A ribosome (center) translates mRNA (multi-colored strand) into a protein (red). tRNA (dark purple) carries amino acids to add to the growing chain.
RNA synthesis, or transcription, is a fundamental process that transcribes the DNA instructions organized in genes, into specific RNA molecules. These RNAs can be messenger RNAs that are translated into proteins, or they can be other types, the non-coding (nc)RNAs that carry out many other functions in a cell. Transcription is a tightly regulated process that uses enzymes called RNA polymerases. Mutations in RNA polymerases can result in a variety of human conditions or diseases.
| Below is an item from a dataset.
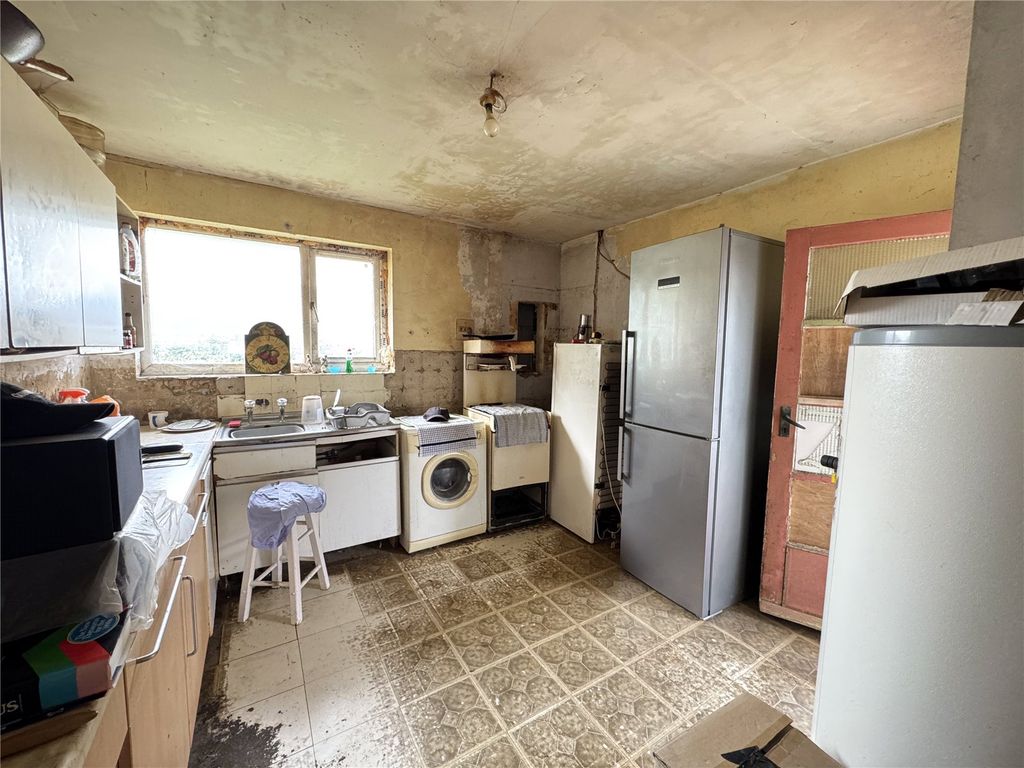 Property photo 3 of 8 Picture No. 07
RNA Polymerase III (Pol III) specializes in transcribing genes that encode tRNA and other small ncRNAs. It can also transcribe RNA at higher rates than the other types of RNA Pols because of its structure and subunits, and how it interacts with its gene targets. Researchers, including those in the Maraia Lab, study the components of Pol III to better understand how it works, how it uniquely contributes to the health and function of a cell, and how it relates to the other RNA Pols.
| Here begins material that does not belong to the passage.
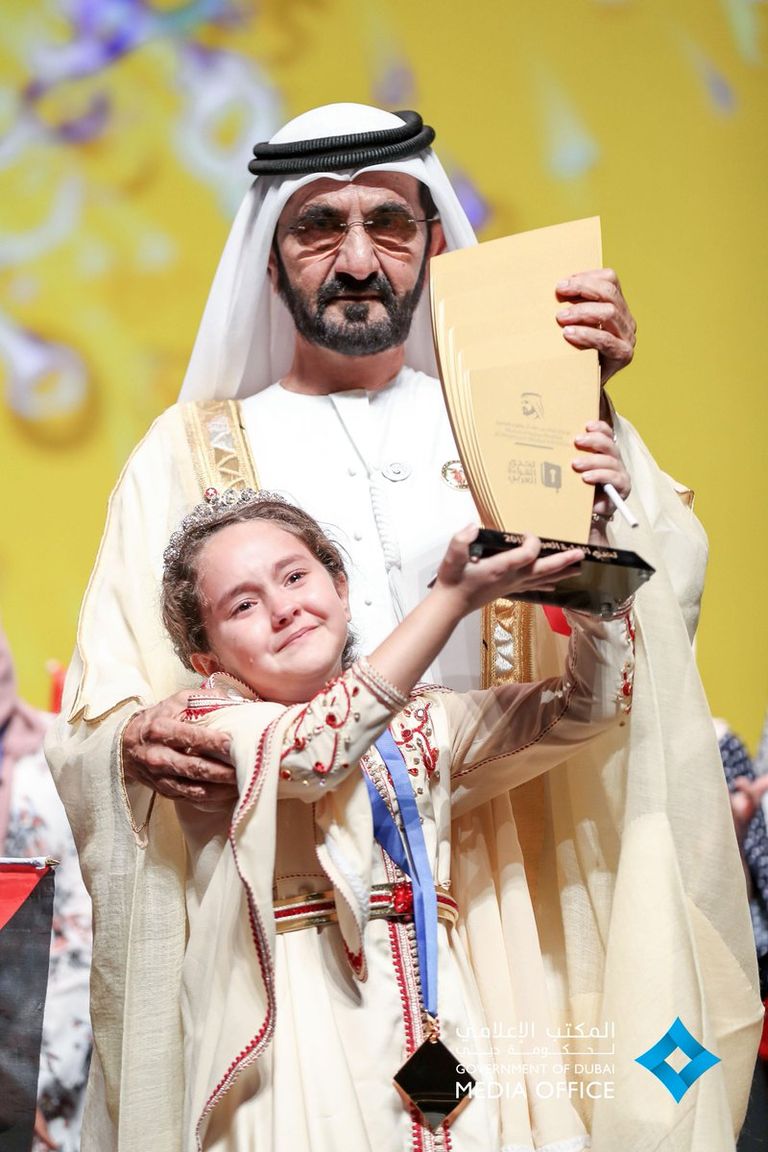  الشيخ محمد بن راشد آل مكتوم يكفكف دموع مريم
Pol III is efficient at transcribing tRNAs because of how quickly it can turn itself “off” or terminate, and back “on” at a tRNA gene, a process called reinitiation-recycling. This cycling activity requires a subunit called C11. However, scientists are still refining knowledge of how C11 functions, although some data have been difficult to reconcile with an integrated model of Pol III transcription. In a recent study, the Maraia Lab advance an integrated model of Pol III activity that also accounts for previous inconsistencies.
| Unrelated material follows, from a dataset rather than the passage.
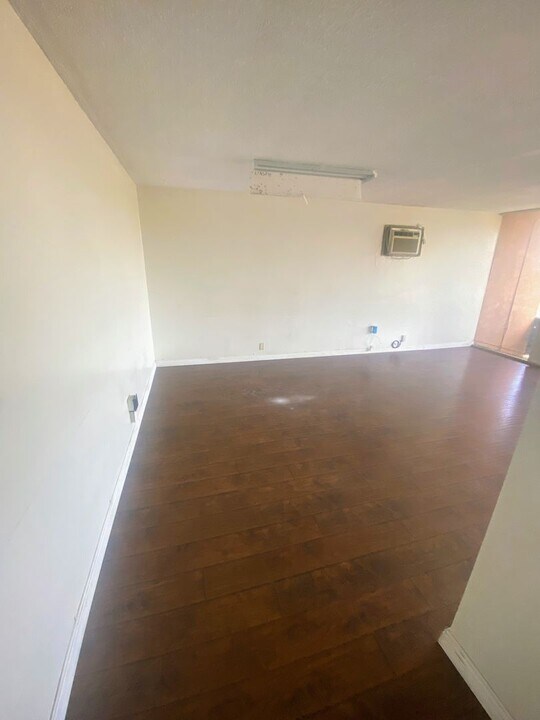 3516 Martin Luther King Jr Blvd in Lynwood, CA - Building Photo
In the study, the lab’s data suggest that the two domains of C11, called the N-terminal domain (NTD) and C-terminal domain (CTD), are capable of independent functions. The NTD can stimulate termination, meaning Pol III stops transcribing, while the CTD helps process the transcript in a step called 3’-cleavage. However, when both domains are connected by a highly conserved essential linker, they provide the critical reinitation-recycling activity that is unique to Pol III among RNA polymerases. Their findings demonstrate that the NTD-Linker is sufficient for reinitation-recycling and the in vivo function of C11, which differ from previous studies that suggest that the CTD and its 3’-cleavage activity were essential. Overall, the new data resolves misunderstanding of C11 and helps advance knowledge of Pol III.